Unfortunately Carbide 3D support said they are “closed source” so they do not provide any information regarding their control board for the probe… their position is their board has “custom electronics” to work with their bitzero as a plug and play probe.
Which, fine… I guess that’s their position to take but they actually had a document online regarding the probe wiring before they updated their board and they’ve since removed it from their site. As I told their support - I will be better informed in the future when I decide to purchase from vendors. I’m not sure what they believe they benefit from by not publishing information on something like a probe interface but it is what it is.
So let’s talk about what it does. I have a Pro XXL machine with the 3.0b revision control board. This board has a little 3 pin connector that is silkscreened “bitzero” and has 3 wires (red, black, white)
These wires correspond to +5v dcc, ground, and signal (low/high nominally open). So when the bitzero is triggered, it sends 5v over the signal wire which normally carries no current. That voltage change is what triggers the boards “probe” and on my board a small blue led illuminates.
The first step for me, was to make their existing probe harness something that I can use for multiple probes. The PGFUN probe came with a locking 3 wire lever nut splicer. I added a little double sided tape to secure it, and spliced the probe wires into this. To allow me to quickly connect the different probes I purchased some 3 pin automotive wiring connectors. Here’s the basic setup for the connectors:
Lever nut splicer hooked to the probe harness wire coming from the board:
Quick connect female so I can swap probes:
My bitzero cable with the male connector:
Now, the PGFUN touch probe is stated to run off 5-24v … I have not yet been able to power it using the 4.99 VDC coming from the control board. I have been able to power it using 12v dc. It’s also important to buy the right touch probe… they have two versions - a nominally open version and a nominally closed version. I actually bought the wrong one (the closed version) so instead of low/high, it’s high/low. I have the correct one coming.

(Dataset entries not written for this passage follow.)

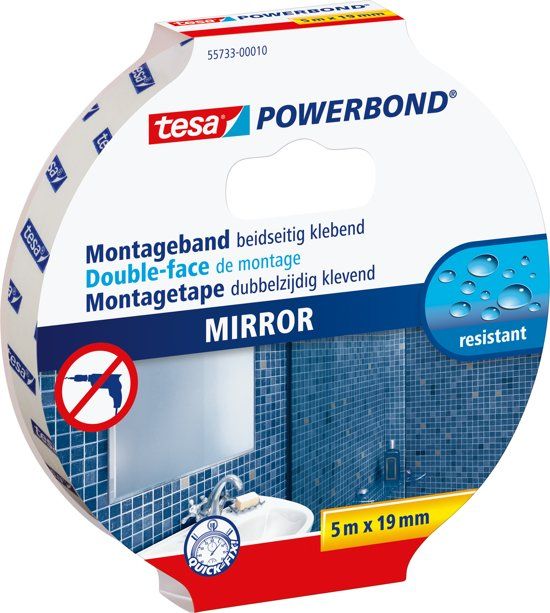 tesa Powerbond Spiegel - wit - 19mm x 5m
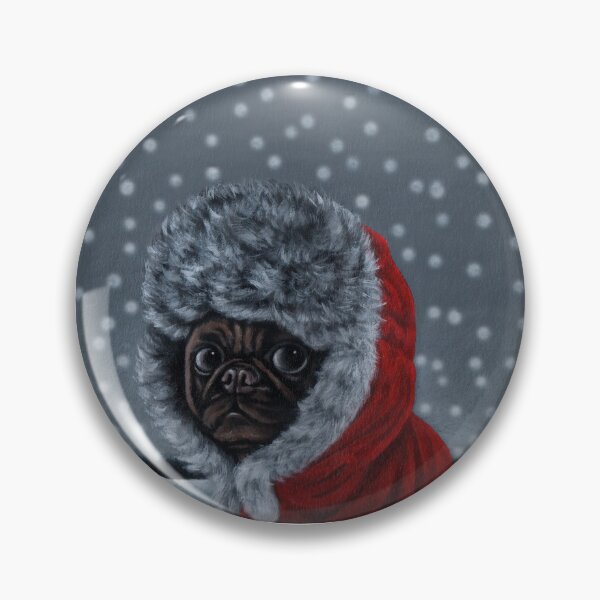 Item preview, There is a pug dog wearing a red fur coat in the snow. designed and sold by EmilyDouArt.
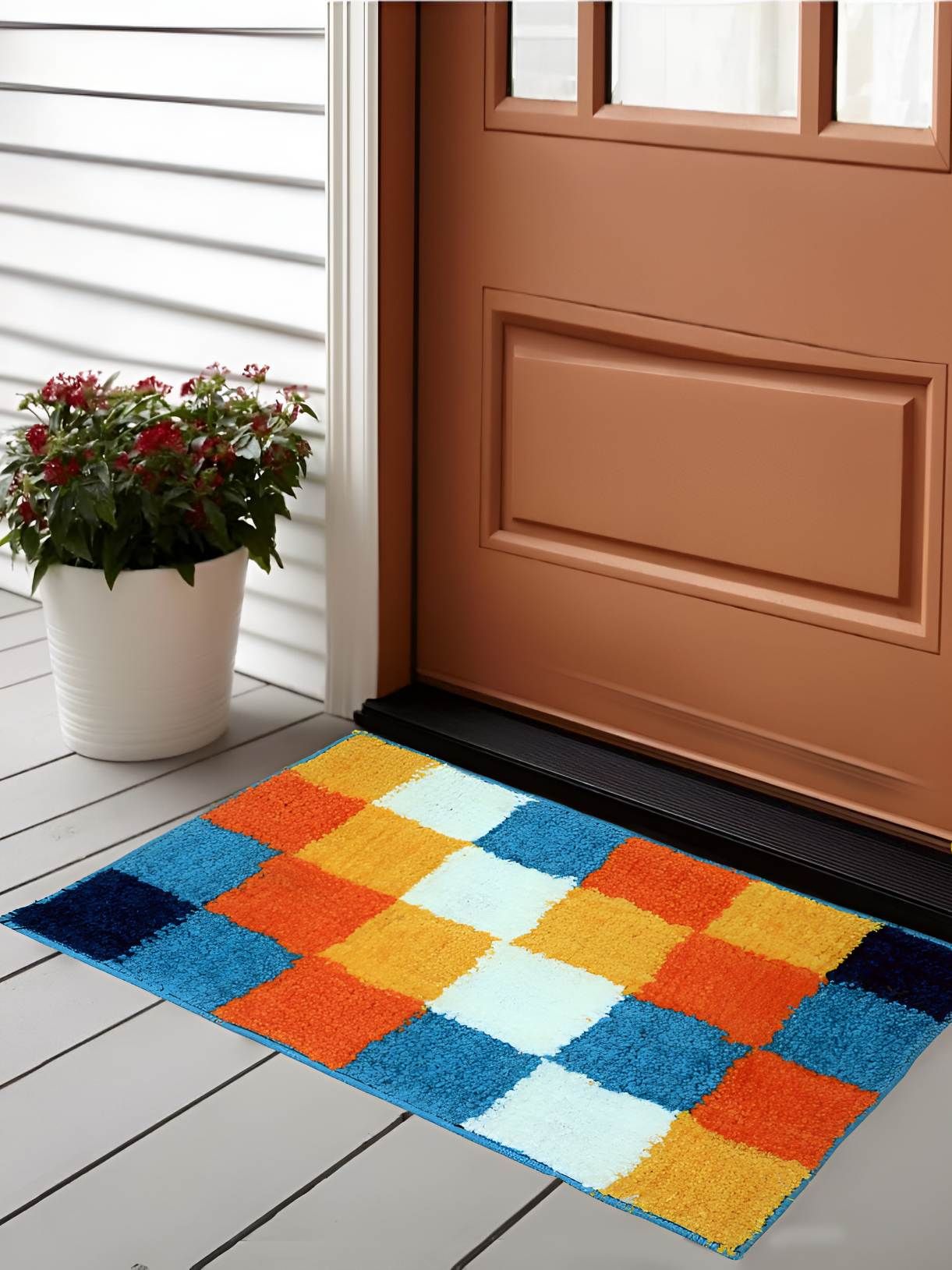 Bajo's Orange & Blue Checked Anti-Skid Doormat-image-45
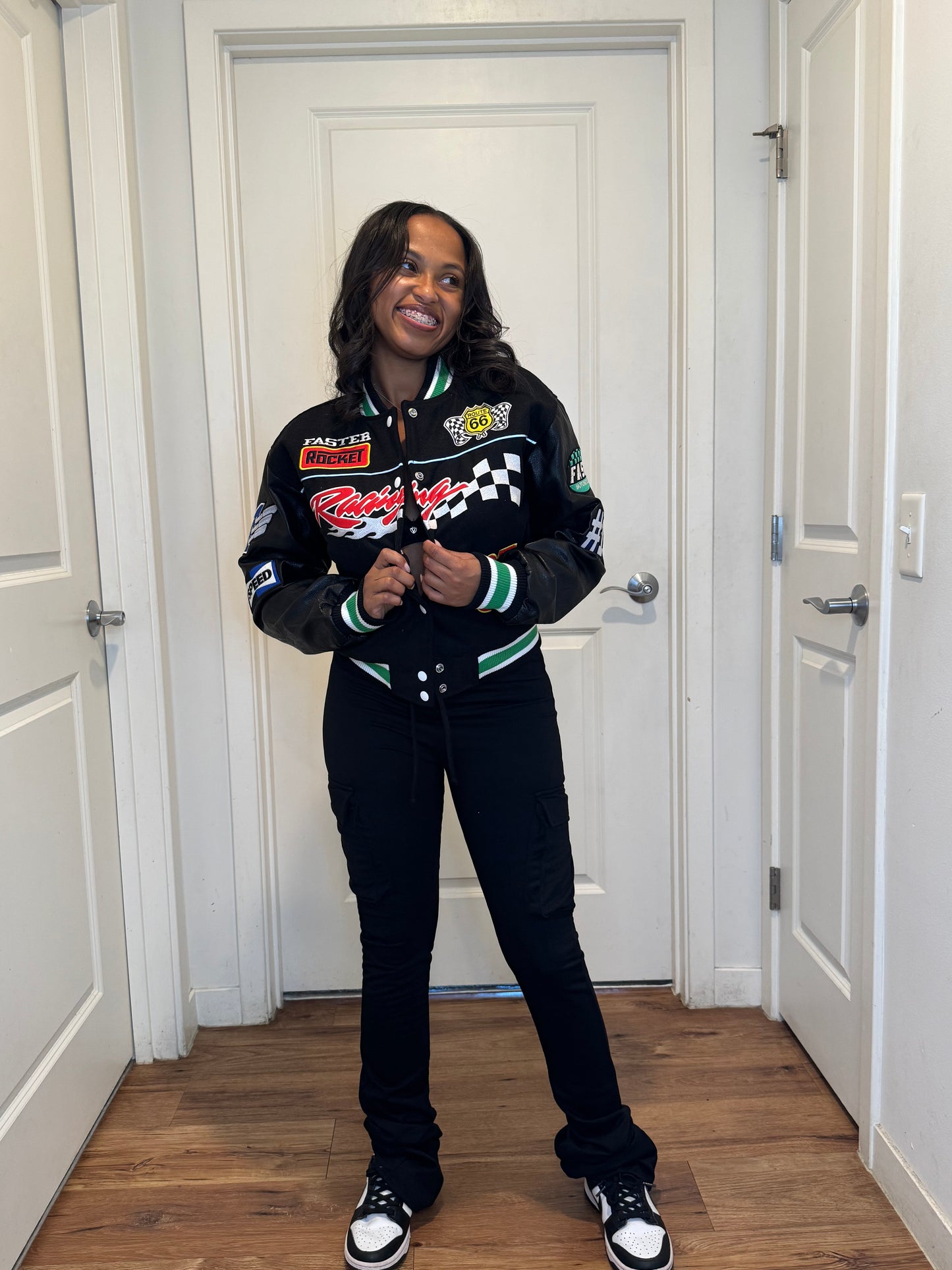 Wool varsity jacket black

If I cannot get the touch probe to operate off of the ~5v from the control board, I will power it separately with 12v. Because carbide would not disclose whether their probe circuit can handle current above 5v - rather than take a chance, I will install a 50 cent voltage regulator. This will take anywhere from 5 - 32v and output ~5v. I will wire that inline with the signal wire from the touch probe. That will give me some assurance that I won’t overload anything on the carbide controller board.
I will follow up with more details once I get the new probe in and finalize the wiring. I expect that if I can send 5v to the signal terminal on the carbide probe circuit that everything should work just fine.